== Segment start ==

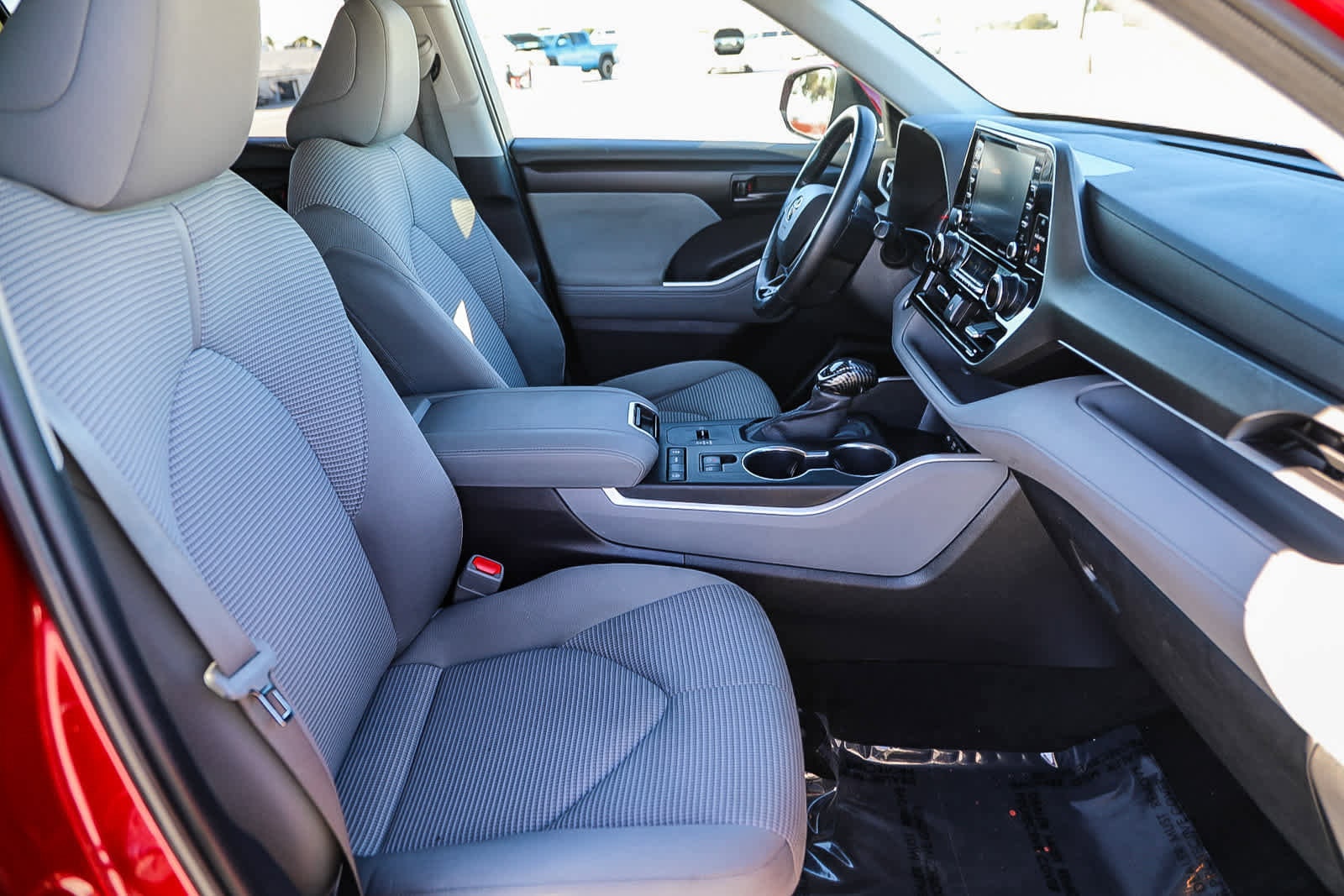 Thumbnail: 2020 Toyota Highlander - 16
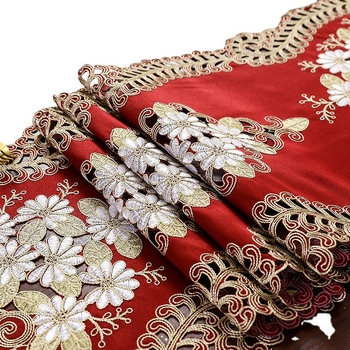 Išskirtinis tarpvalstybinis gamintojas parduoda kalėdines, modernias, paprastas ir madingus siuvinėtus staltiesės, stalo vėliavėlės, kavos staliuko, arbatos padėklo užvalkalo, rankšluosčio pertvaros gaminius.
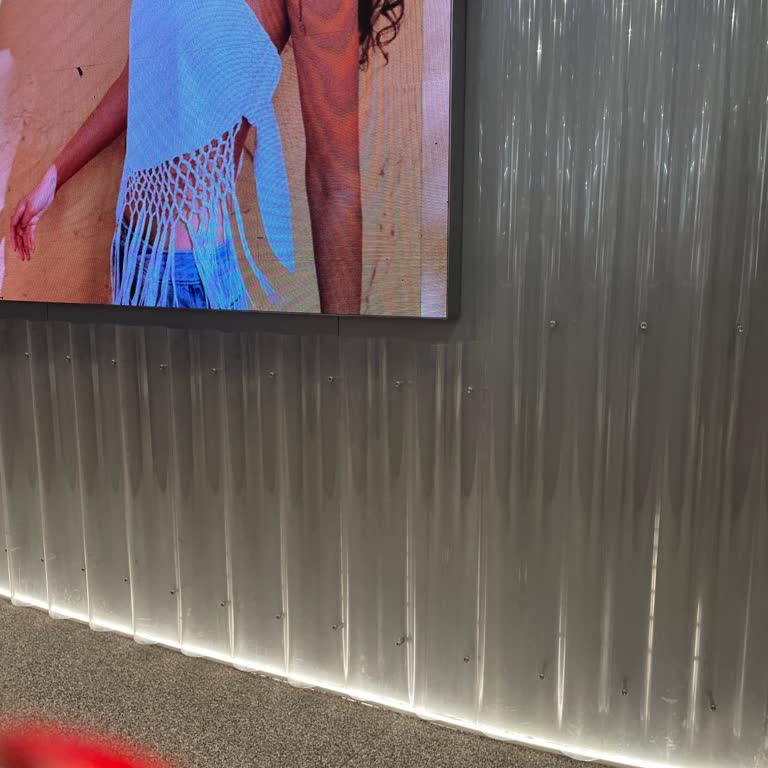 Bershka Mağazasında Uzun Bekleme Ve Yanıltıcı Bilgilendirme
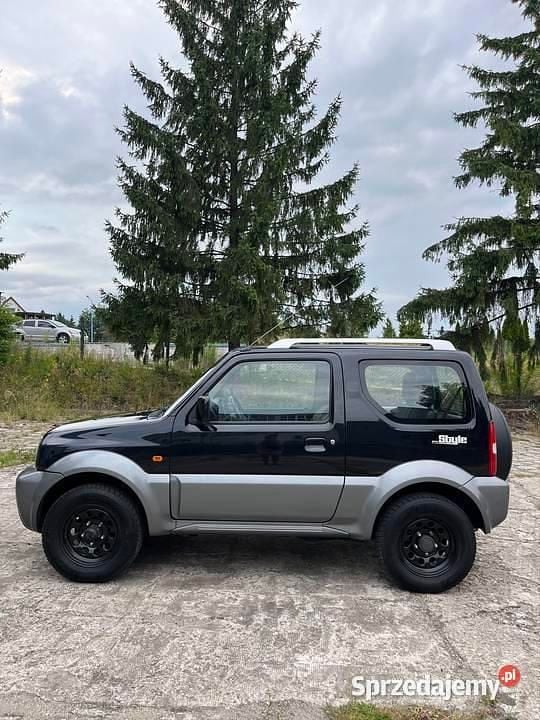 Czarny Używany 2006 Suzuki Jimny SUV | 23 900 zł (Super Cena) - Obraz 1/4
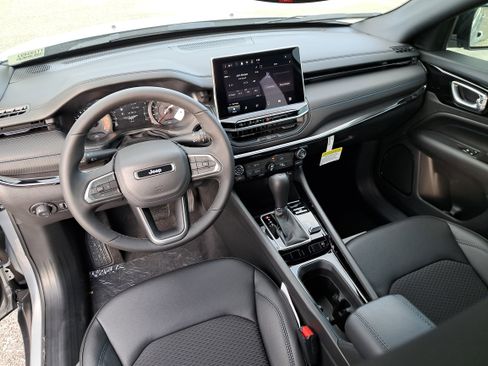 New 2026 Jeep Compass Latitude image 8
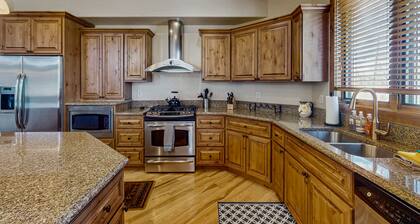 Spacious home w/ kitchen, wifi, great views, deck & convenient location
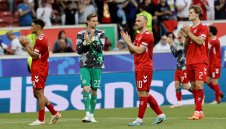 Селекционерът на Дания и Ериксен обясниха за издънката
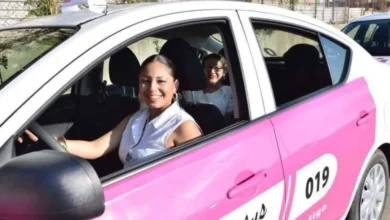 Decaen taxis rosas por falta de conductoras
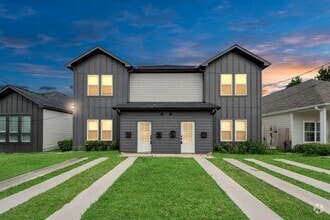 Building Photo - 8316 Corinth St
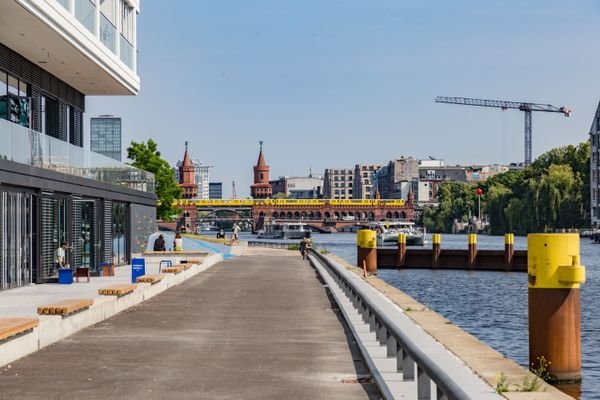 PIER 61I64 UG Oberbaumbrücke.jpg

== Segment end ==

REQUIRED ACTION:
Transcribe every line from the records above without alteration, and leave out the images.

RESPONSE AREA:
 Thumbnail: 2020 Toyota Highlander - 16
 Išskirtinis tarpvalstybinis gamintojas parduoda kalėdines, modernias, paprastas ir madingus siuvinėtus staltiesės, stalo vėliavėlės, kavos staliuko, arbatos padėklo užvalkalo, rankšluosčio pertvaros gaminius.
 Bershka Mağazasında Uzun Bekleme Ve Yanıltıcı Bilgilendirme
 Czarny Używany 2006 Suzuki Jimny SUV | 23 900 zł (Super Cena) - Obraz 1/4
 New 2026 Jeep Compass Latitude image 8
 Spacious home w/ kitchen, wifi, great views, deck & convenient location
 Селекционерът на Дания и Ериксен обясниха за издънката
 Decaen taxis rosas por falta de conductoras
 Building Photo - 8316 Corinth St
 PIER 61I64 UG Oberbaumbrücke.jpg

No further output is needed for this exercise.